Short web captions:
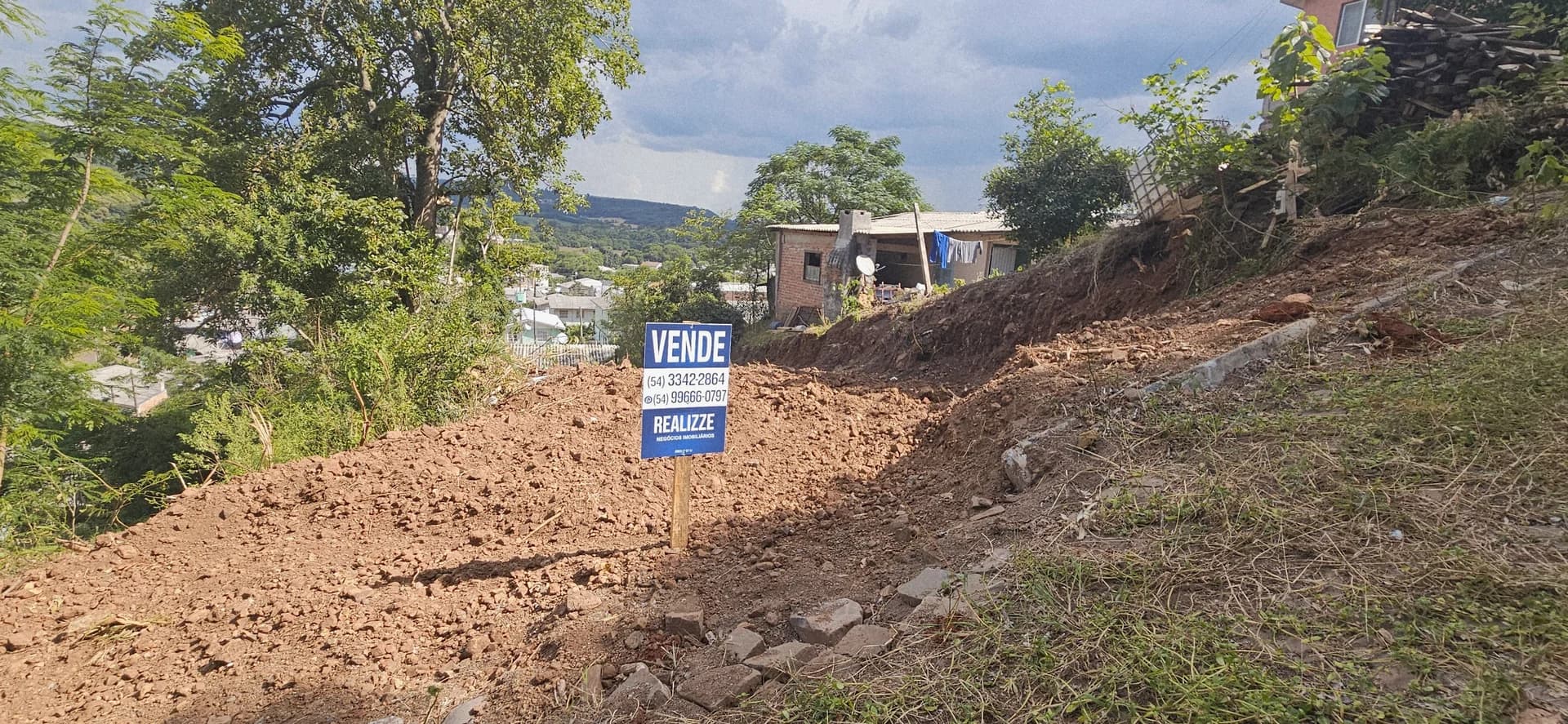 Sítio à Venda em Marau RS - R$ 90.000
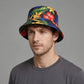 fisherman-headwear-flowers-breathable-men-women-unisex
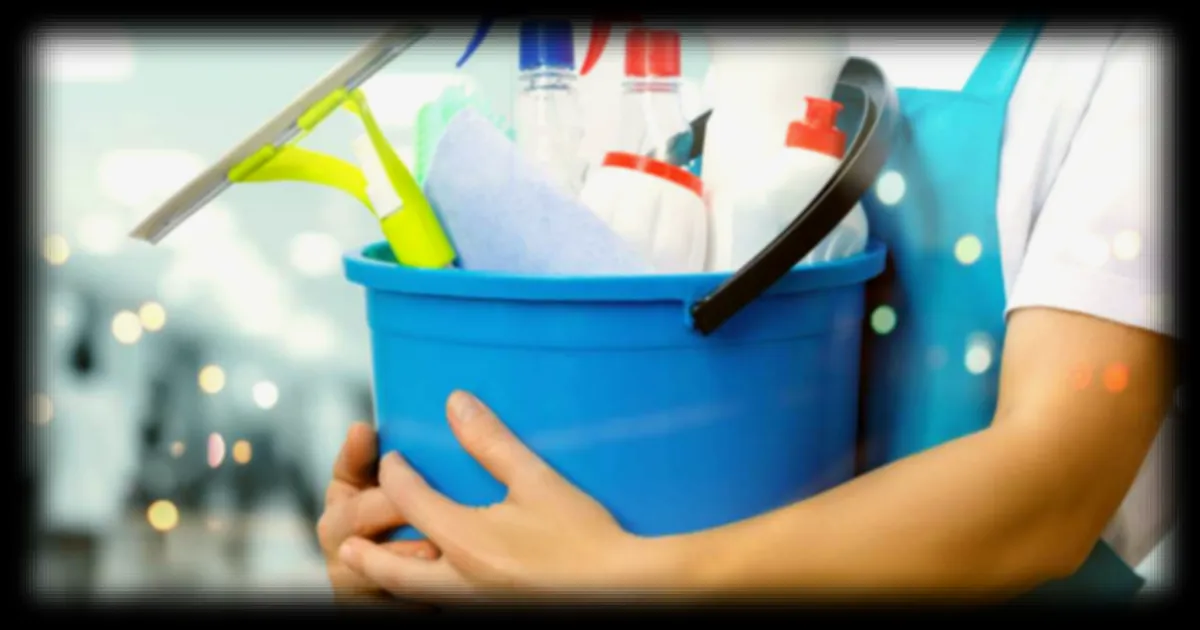 Les produits ménagers « classiques » : une menace pour la santé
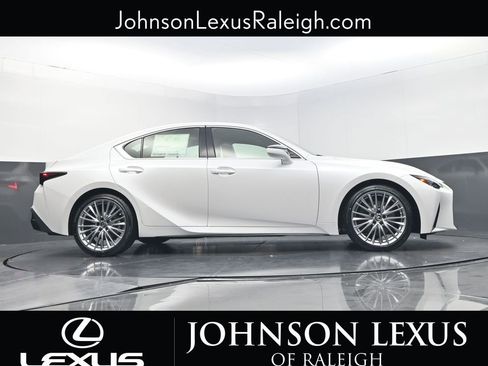 New 2025 Lexus IS 300 w/ Premium Package image 23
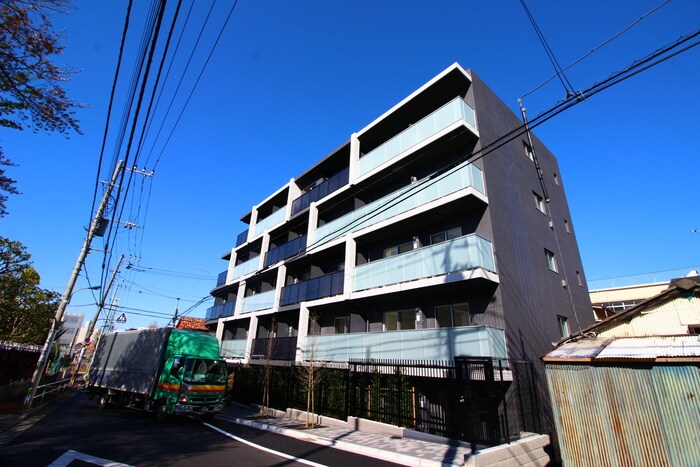 物件外観写真2　(外観写真)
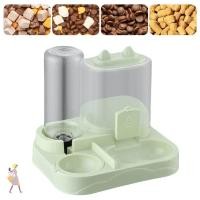 ราคา เครื่องป้อนอัตโนมัติ YGBG การออกแบบแบบบูรณาการเครื่องป้อนอาหารแรงโน้มถ่วงความจุขนาดใหญ่การไหลเวียนอัตโนมัติชามอาหารสัตว์เลี้ยงแมวให้อาหารสุน (40676134134)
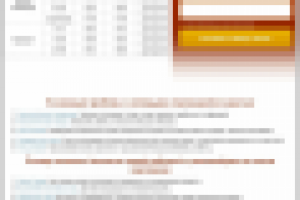 Верстка и программирование сайта продажи щебня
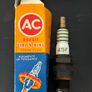 Vintage AC Fire Ring 45F Spark Plug Image 2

» Task details
Each line of the data must be restated exactly, and the pictures must be left out.

» Reply
 Sítio à Venda em Marau RS - R$ 90.000
 fisherman-headwear-flowers-breathable-men-women-unisex
 Les produits ménagers « classiques » : une menace pour la santé
 New 2025 Lexus IS 300 w/ Premium Package image 23
 物件外観写真2　(外観写真)
 ราคา เครื่องป้อนอัตโนมัติ YGBG การออกแบบแบบบูรณาการเครื่องป้อนอาหารแรงโน้มถ่วงความจุขนาดใหญ่การไหลเวียนอัตโนมัติชามอาหารสัตว์เลี้ยงแมวให้อาหารสุน (40676134134)
 Верстка и программирование сайта продажи щебня
 Vintage AC Fire Ring 45F Spark Plug Image 2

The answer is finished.